Je reconnais que je ne partage pas toujours les démarches des historicistes qui, pour faire l’histoire de l’histoire, ont coutume de recourir à des notions très générales en choisissant le petit jeu d’analyse hésitante, approximative, arrogante même, quitte à malmener et réifier, souvent, la complexité des évènements. Leurs récits poussent le doute à ses extrémités, pour en sortir ou non, peu importe. Au bout du compte, on sera moins lucide ! Cette problématique est la nouvelle querelle des historiens contre les historicistes, parce que le but n’est pas de monumentaliser l’histoire, mais de lui rendre son actualité critique. L’étude du passé ne doit jamais s’éloigner des interrogations actuelles, surtout que l’histoire n’est pas ainsi qu’elle est pensée depuis Hérodote, un fleuve dans lequel on ne se baigne qu’une fois. Non, l’histoire est ce formidable télescopage des temps et des lieux, au nom de la plus juste et commune vérité.

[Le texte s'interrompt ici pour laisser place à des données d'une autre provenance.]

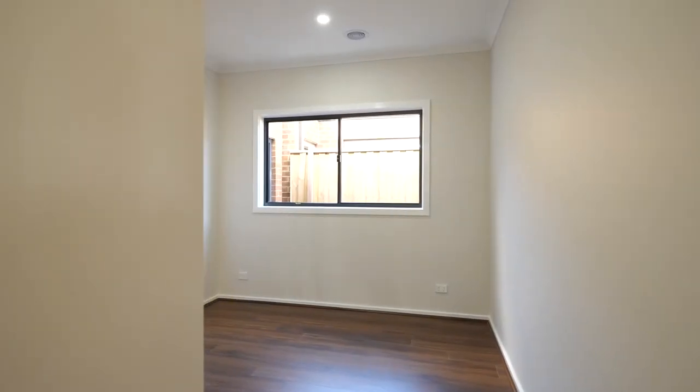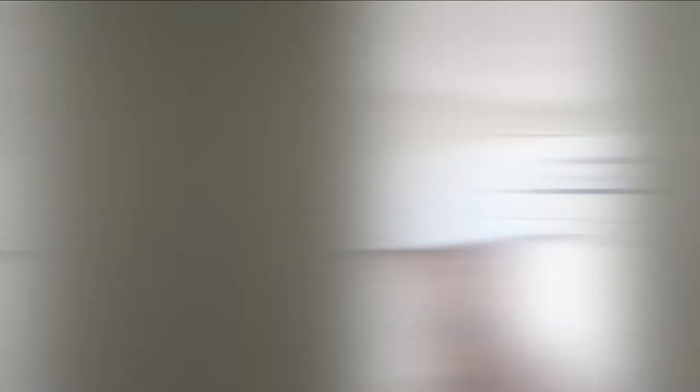Thanks for watching guys. If you also have a custom design in mind, come see us at Ridgewater Homes. As we always say, the journey begins here. I'm Natissia from Ridgewater Homes. Bye.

Une action «régressive» signifiant qu’on ne peut comprendre le passé qu’en partant du présent et non l’inverse. Malheureusement, nous lisons dans notre vie très peu de livres où il y a cette grande audace qui donne à l’histoire son intrigante profondeur, un socle, la conviction que l’on est situé dans un ensemble où une foule d’ancêtres continue de nous parler !

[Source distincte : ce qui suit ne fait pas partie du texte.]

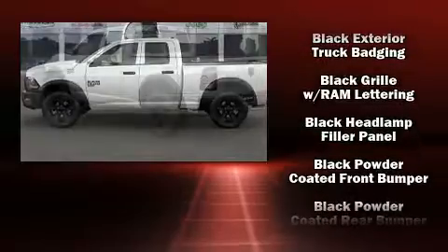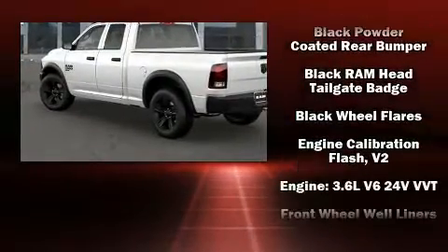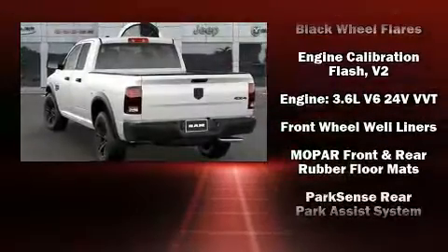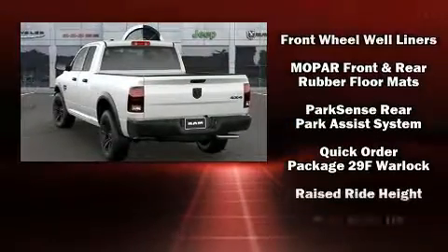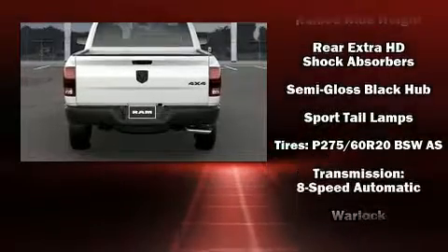Passenger security is always assured thanks to the various safety features such as dual front impact airbags with occupant sensing airbag, head curtain airbags, traction control, a panic alarm, and four-wheel disc brakes with ABS.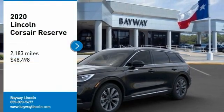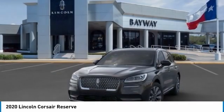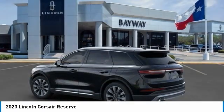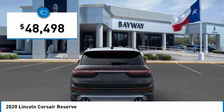Take a ride in the 2020 Corsair. The Lincoln Corsair looks the part with an elegantly designed exterior. High-end interior features and technology are coupled with the functionality that you expect from a compact SUV, and is priced below $50,000.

Grâce sera rendue à Hichem Jaït, Mohamed Talbi, Farhat Dachroui, Héla Ouardi et dernièrement Abdelhamid Slama d’avoir donné des armes pour observer plus finement ce que l’on désigne quand on parle de l’extrémisme religieux dans l’histoire arabo-musulmane. Il suffit de suivre l’actualité pour savoir que c’est le même tableau qui se dessine aujourd’hui. La même mécanique de la fatalité et la même désolation. Plus ou moins cachées. Plus ou moins latentes. Plus ou moins mêlées. En lisant le dernier livre de l’écrivain et chercheur Docteur Abdelhamid Slama «Les Kharijites en Orient et au Maghreb (657 – 1148), on songe à d’autres «Kharijites» plus actuels, à tous ces prétendus défenseurs de l’islam qui chatouillent malicieusement les mauvais penchants de leurs adeptes, tous ces exaltés cruels qui passent leur temps à tisser leurs toiles sitôt que leurs fils se défont, en repoussant toujours plus loin les limites de l’abjection. L’auteur a creusé des brèches dans l’oubli, exploré le deuil, les traces de la discorde dans les esprits et les âmes. Sans qu’il l’ait forcément voulu, sans prétendre être le héraut de quelque grande cause, il a invité les fantômes de l’horreur kharijite aux balcons de la réalité actuelle dans le monde arabo-musulman.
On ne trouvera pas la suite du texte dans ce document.